ACTION ITEM.
Leave out the pictures and retype, exactly, the lines below from the line with "研磨工艺最新版截图2 研磨工艺最新版截图2" up to and including the line with "GA12-N20减速马达微型直流低速", nothing more.

TASK MATERIAL.
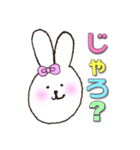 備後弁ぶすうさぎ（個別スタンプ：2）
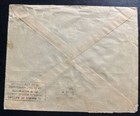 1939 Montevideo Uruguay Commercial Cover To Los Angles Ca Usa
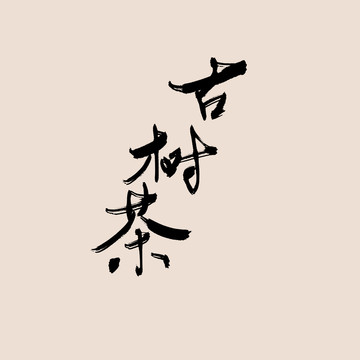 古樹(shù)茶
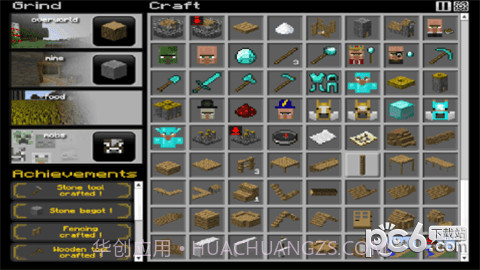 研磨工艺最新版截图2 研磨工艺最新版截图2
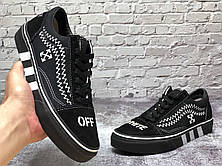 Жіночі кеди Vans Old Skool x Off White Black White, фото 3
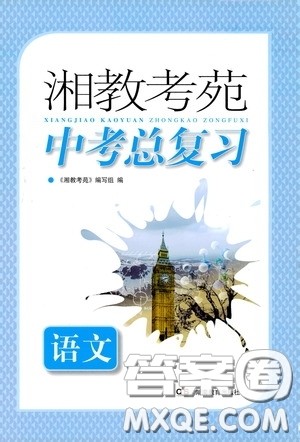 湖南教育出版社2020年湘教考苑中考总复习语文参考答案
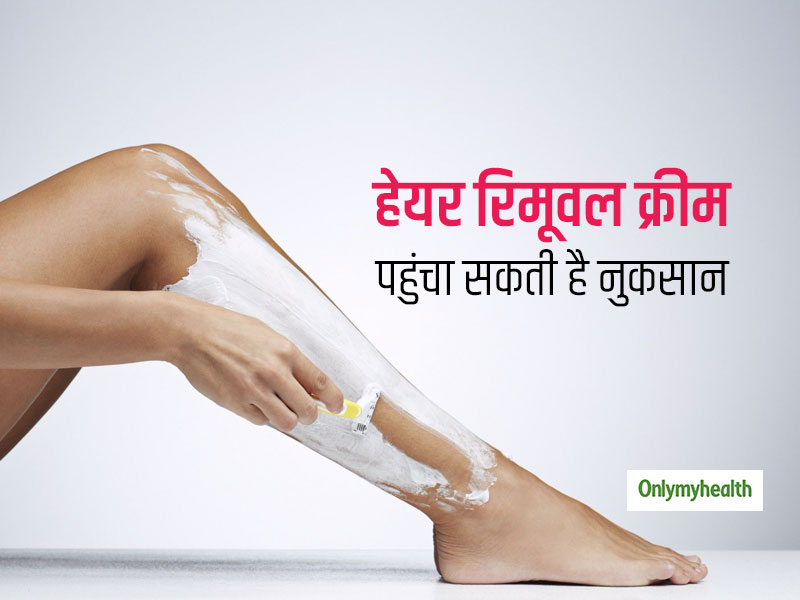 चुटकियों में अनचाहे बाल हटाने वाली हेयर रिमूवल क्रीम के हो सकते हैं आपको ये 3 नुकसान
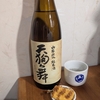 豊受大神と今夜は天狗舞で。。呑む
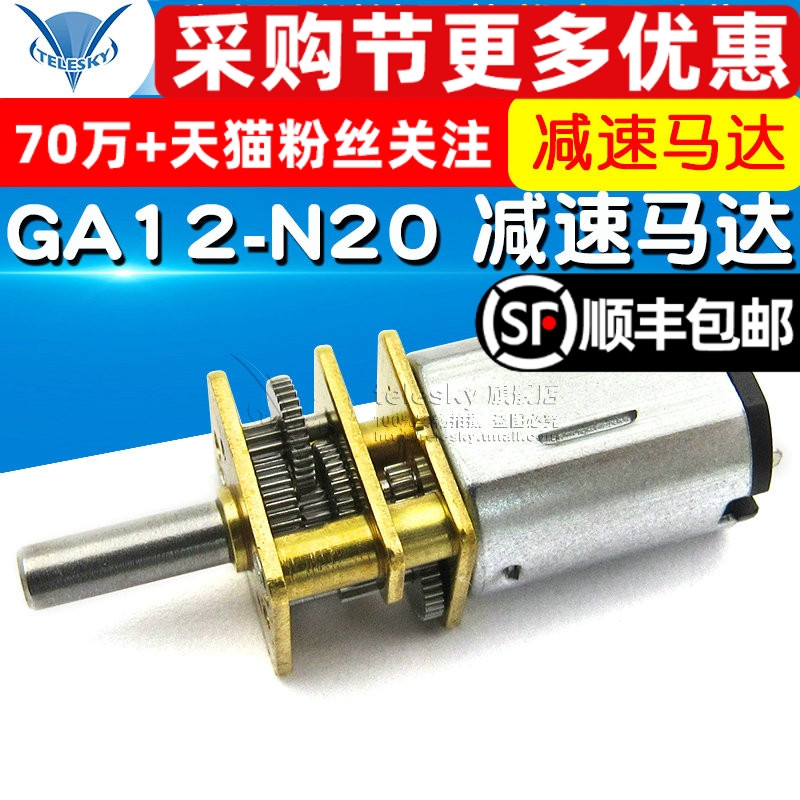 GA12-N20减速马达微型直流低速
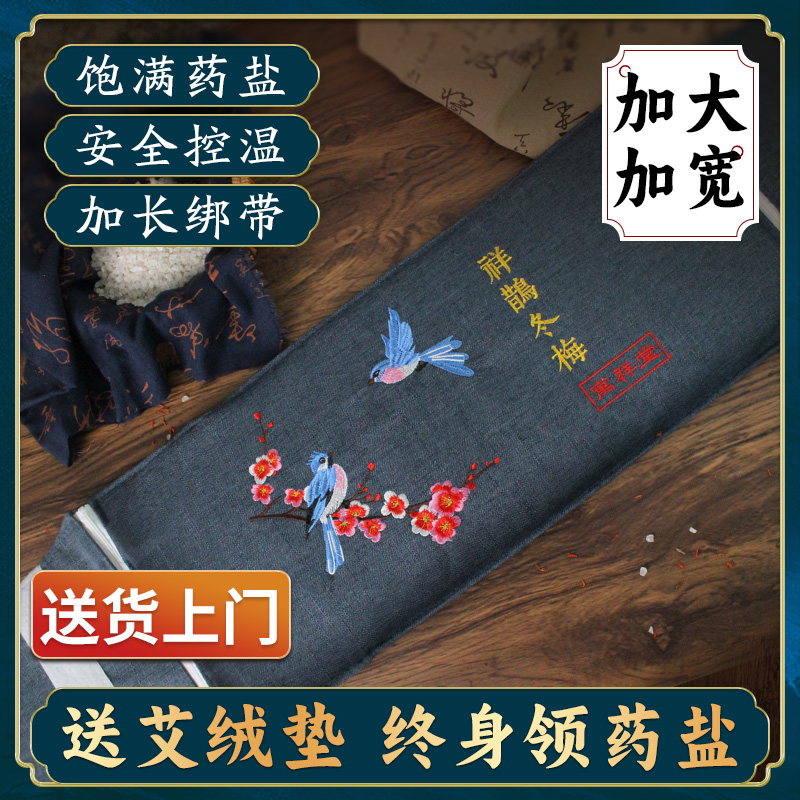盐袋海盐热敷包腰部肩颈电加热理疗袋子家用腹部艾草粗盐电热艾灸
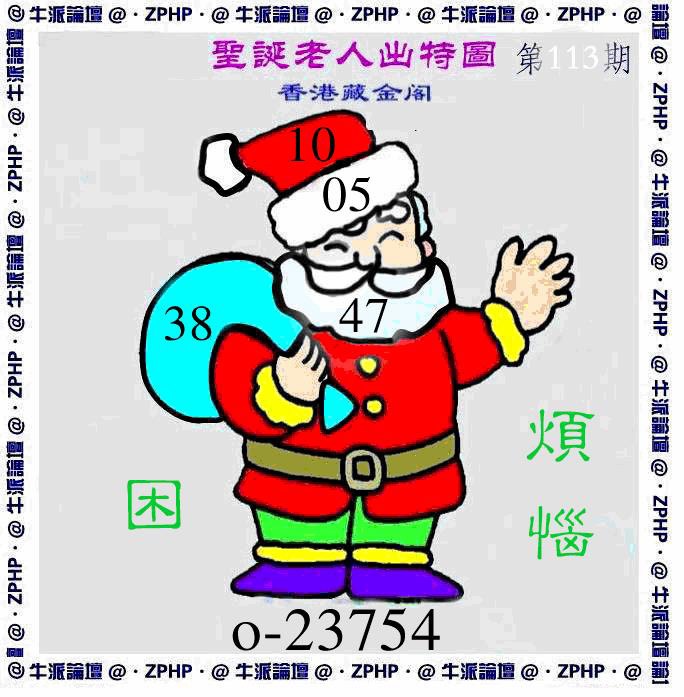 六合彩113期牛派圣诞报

RESPONSE BELOW.
 研磨工艺最新版截图2 研磨工艺最新版截图2
 Жіночі кеди Vans Old Skool x Off White Black White, фото 3
 湖南教育出版社2020年湘教考苑中考总复习语文参考答案
 चुटकियों में अनचाहे बाल हटाने वाली हेयर रिमूवल क्रीम के हो सकते हैं आपको ये 3 नुकसान
 豊受大神と今夜は天狗舞で。。呑む
 GA12-N20减速马达微型直流低速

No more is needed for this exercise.